SHOW SERIES extremely slow and unacceptable on bigger DB

Same behavior on all 1.3 and 1.4.

On 1.4 we have simple info about DB cardinality:

cardinality estimation
----------------------
1856641

taking show series on this DB

show series  limit 1 offset 0 

shows 1 series as we expect but after almost 30 seconds !!!

real	0m29.573s
user	0m0.009s
sys	    0m0.007s

for

> show series  limit 100 offset 10

real	0m31.508s
user	0m0.000s
sys	    0m0.010s

for

show series limit 10000 offset 10

real	0m35.080s
user	0m0.148s
sys	    0m0.063s

Always more than 30 second

We have other DB with more tags and it takes even 7 minutes to get 1 series from a schema which is totally inefficient.

It is no different how big limit we take, it is always building whole series list on the backend?

Is there any way to improve metadata queries in influxdb, cache, some configuration improvements?

1 Like

This is still a problem in the latest version 1.5.2.

My query “show series limit 1” ran for a about 15 minutes and caused massive amounts of memory allocation (a few GB) on each server in the cluster sequentially.

The result was the first metric name (alphabetically), so I assume it does sort internally, which is implemented utterly inefficiently.

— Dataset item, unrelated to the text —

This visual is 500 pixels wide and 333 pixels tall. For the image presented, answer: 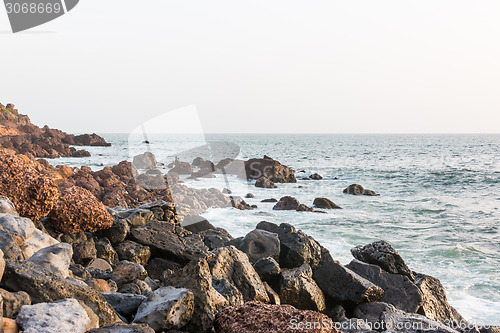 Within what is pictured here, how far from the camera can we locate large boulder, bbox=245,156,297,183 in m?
32.1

InfluxData need to seriously invest in searches of distributed indicies by implementing sort on top of sorted streams pulled from each node, where each stream is jitted without memory allocation, hitting appropriate persistent index.

The same problem exists for other types of metadata queries, such as find metric starting with for tag=value.
They run for about 1 hour, when user would expect milliseconds, because Grafana makes these requests for type-ahead. Unacceptable! (Interesting, that the queries eventually do succeed and type-ahead is suggested, but I guess users would be a little inpatient if finding/typing the measurement takes a few days.)

I am not sure if this is only problem in the clustered version, because I didn’t previously see it in a single-node Dev instance. If that’s the case, why would we want to pay for clustering and may scale back to a single VM or shard data manually?

Any advice on how to overcome this issue would be greatly appreciated.
My best ideas right now is (1) to test the same on a single VM and see if clustering is the problem, (2) limit amounts of historical data (on single-node VM) to 1 day and (3) split data to multiple retention policy (or databases).